The following paper, which is actually not a paper but a set of solutions
to a midterm examination, has some important clues.
It gives two algoirthms which are defined over NFA's: one for
computing the complement of an NFA (~A), and one for computing the
intersection of two NFA's, A&B.
The difference A-B can be given by this equivalence:
A-B <=> A&(~B)
I.e. applying both algorithms. In fact this is one of the questions
in this midterm:
http://cs164fa09.pbworks.com/f/midterm1_solutions.pdf
Actually, by de Morgan's we should be be able to eliminate &, right?
A&(~B) <=> ~(~A|~(~B)) <=> ~(~A|B)
So it looks like all we need is the complement to do difference.
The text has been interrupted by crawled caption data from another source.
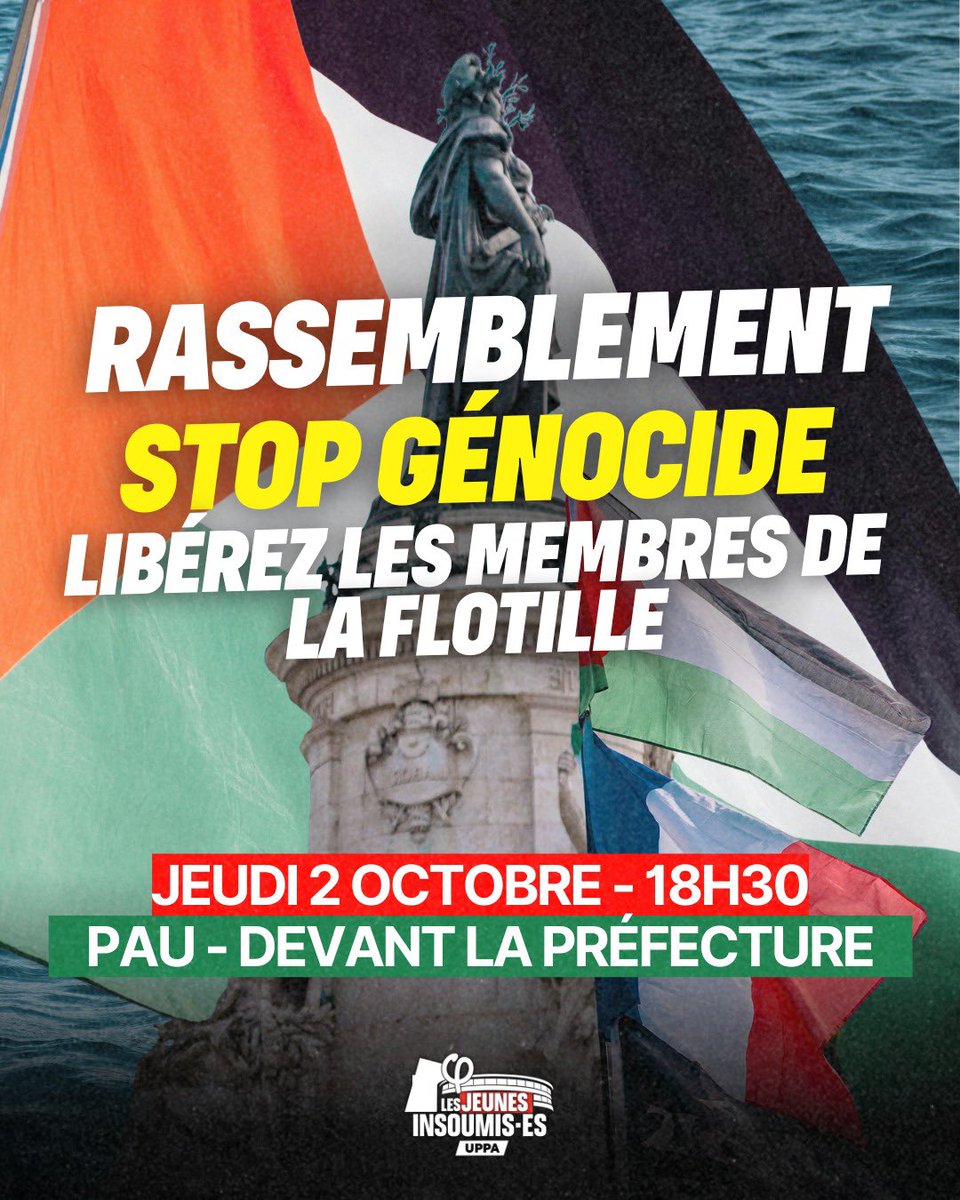 Nos camarades député·es Mesmeur, Piquemal, Fourreau et Hassan ont été kidnappé·es illégalement en eaux internationales, avec l’ensemble des militant·es.

Exigeons leur libération, brisons le blocus, solidarité avec Gaza ✊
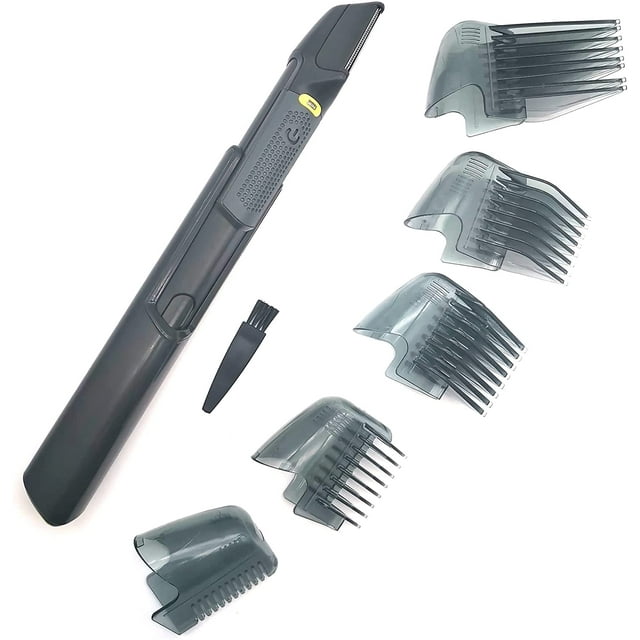 Titanium Max Trimmer for Men, USB Rechargeable Lighted Beard Trimmer Men with Storage Bag, Detail Trimmer for Eyebrow/ Ear/ Nose Hair/ Facial/ Neck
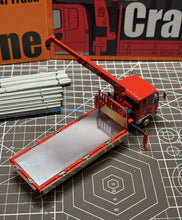 Load image into Gallery viewer, GCD 1:64 Red Fuso Fighter Crane Truck Model Diecast Metal Car New Collection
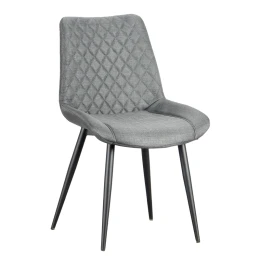 ALESIA GREY ΥΦΑΣΜΑ ΚΑΡΕΚΛΑ ΜΕΤΑΛΛΙΚΗ 54X63X86εκ.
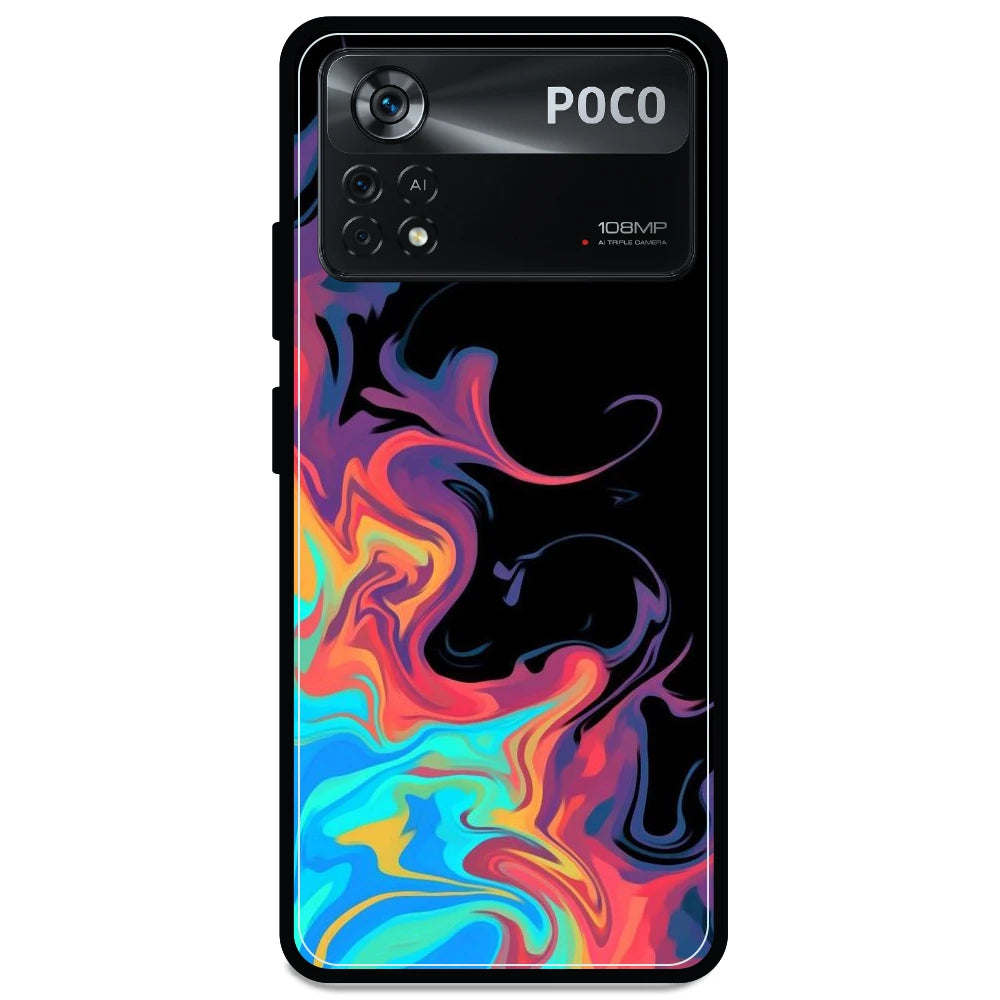 Rainbow Watermarble - Armor Case For Poco Models Poco X4 Pro 5G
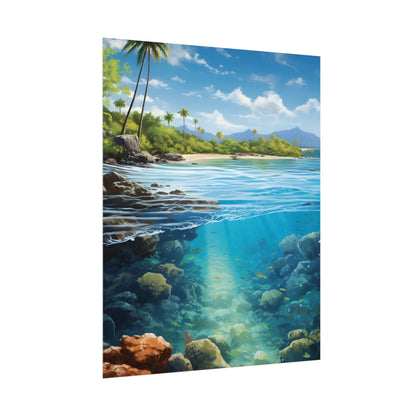 Tranquil Tropical Paradise: Relaxed Island Getaway Art - Poster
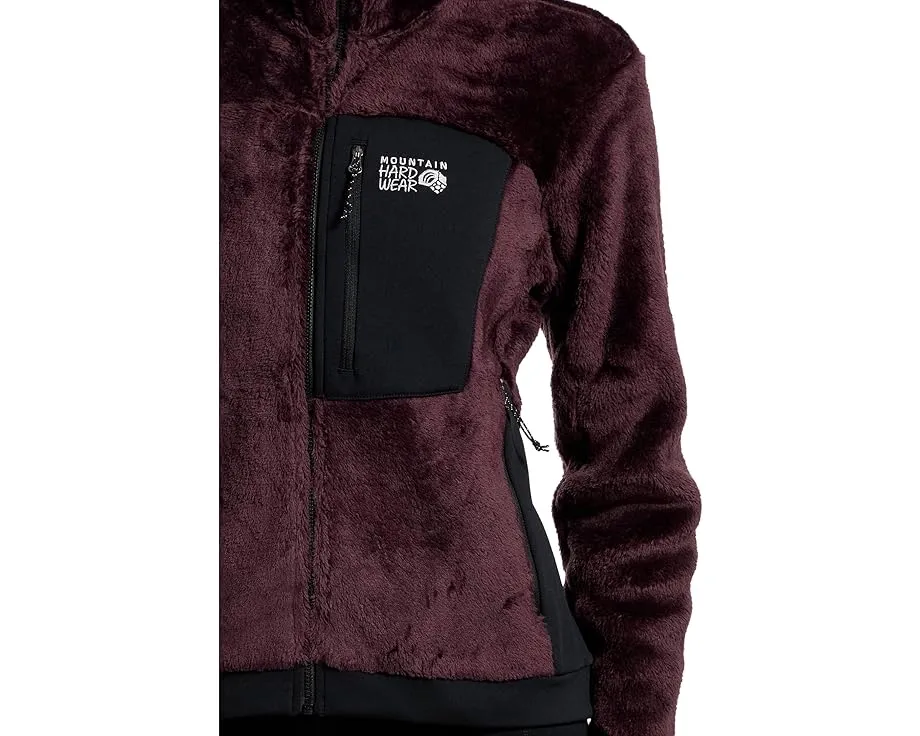 Куртка Mountain Hardwear Polartec High Loft с капюшоном и эластичными вставками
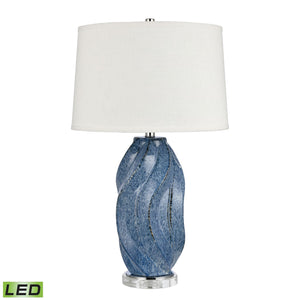 ELK Home - S0019-9538-LED - LED Table Lamp - Blue Swell - Blue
Constructing the complement over NFA's is far simpler
than going from NFA -> DFA and back.
Complement is simple, in particular: the complemented NFA inherits all
of states and transitions of the original NFA. The meaning of the
states is inverted: non-accepting states in the original become
acceptance states, and vice versa. A new failure state is added which
is an acceptance state (due to the inverted sense of the
complement). Extra transitions are added such that for any state in
the original NFA which has no transition on some input character C, a
transition is added for that state and character which takes it to
this failure state. This rule is applied to the failure state itself,
which self-transitions on all inputs, serving as a ``honeypot'' for
arbitrarily long suffixes. I.e. every explicit failure in the
original NFA (no transition on some character) is routed to this
failure state which has accept semantics under the complement, and
whenever the original NFA reaches an accepting state, in the
complement NFA, this event corresponds to reaching a non-accepting
state. Thus success becomes failure and vice versa.
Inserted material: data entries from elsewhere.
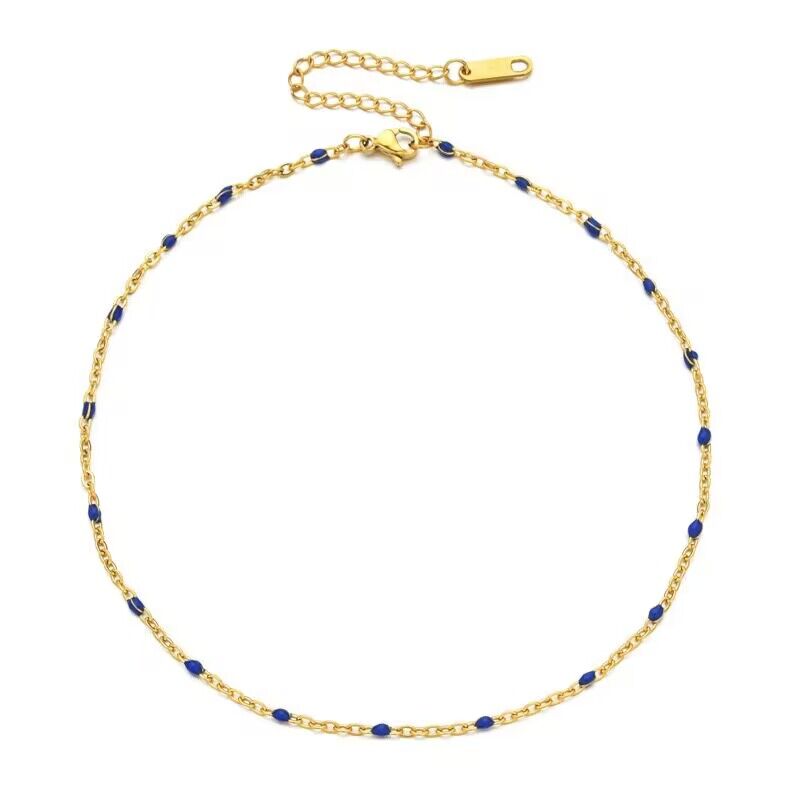 Gouden Armband Met Blauwe Kralen Van Aramat Jewels®.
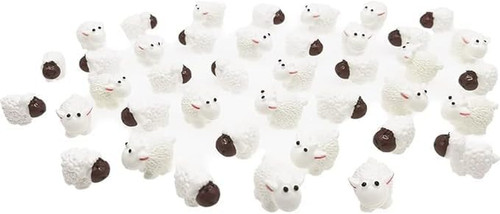 40pcs white miniature sheep - miniature,
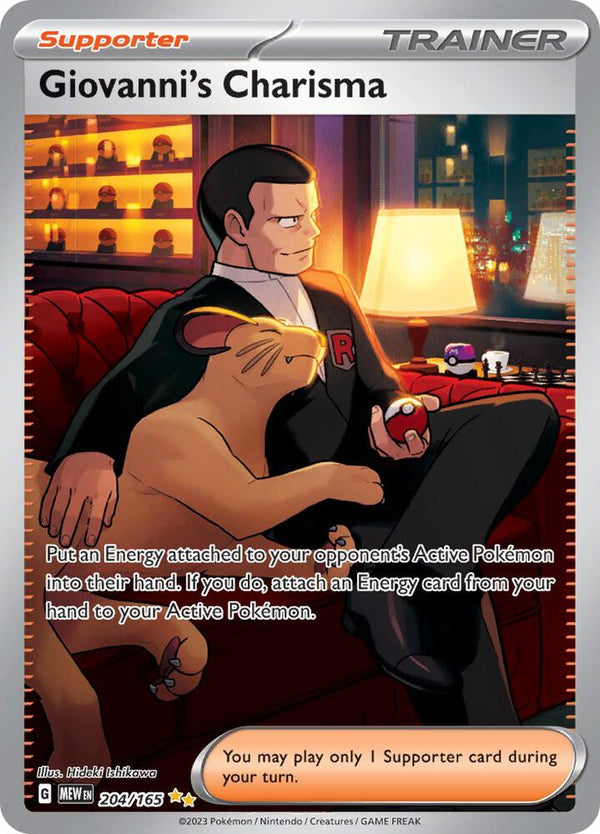 Giovanni's Charisma - 204/165 - Pokémon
This still leaves you with the problem of reconstructing a regular
expression from an NFA.
A workable approach for doing the complement, difference, etc,
directly over the regular expression may be to exploit derivatives
somehow.
The derivative of a language L with respect so some string u, is the
set of suffixes of all strings in L which have u as a prefix, with the
u prefix removed. E.g if the languages is { abc, def, deg }, its
derivative with respect to de is { f, g }.
In consideration of a language being generated by a regex, the derivative
concept can be applied to the regex. For instance the derivative of
the regex abb* with respect to ab is the regex b* (which can derive the
empty string). The derivative can sometimes be the empty regex e,
or a special null value which means ``empty set'' or ``matches nothing''.
E.g. the derivative of the regex a* with respect to the string b is
this null value, which may be notated 0. We can write this as
d(b,a*) = 0.
Derivatives can be used to match regular expressions, as an alternative to NFA
construction, and quite readily support operations like complement and
intersection. They can be translated directly to DFA.
It looks like there should be a way to construct a complement, difference or
intersection using derivatives somehow.
Useful paper on derivatives: _Regular Expression Derivatives
Re-Examined_, Owens, Reppy, Turon:
http://www.ccs.neu.edu/home/turon/re-deriv.pdf (and its references).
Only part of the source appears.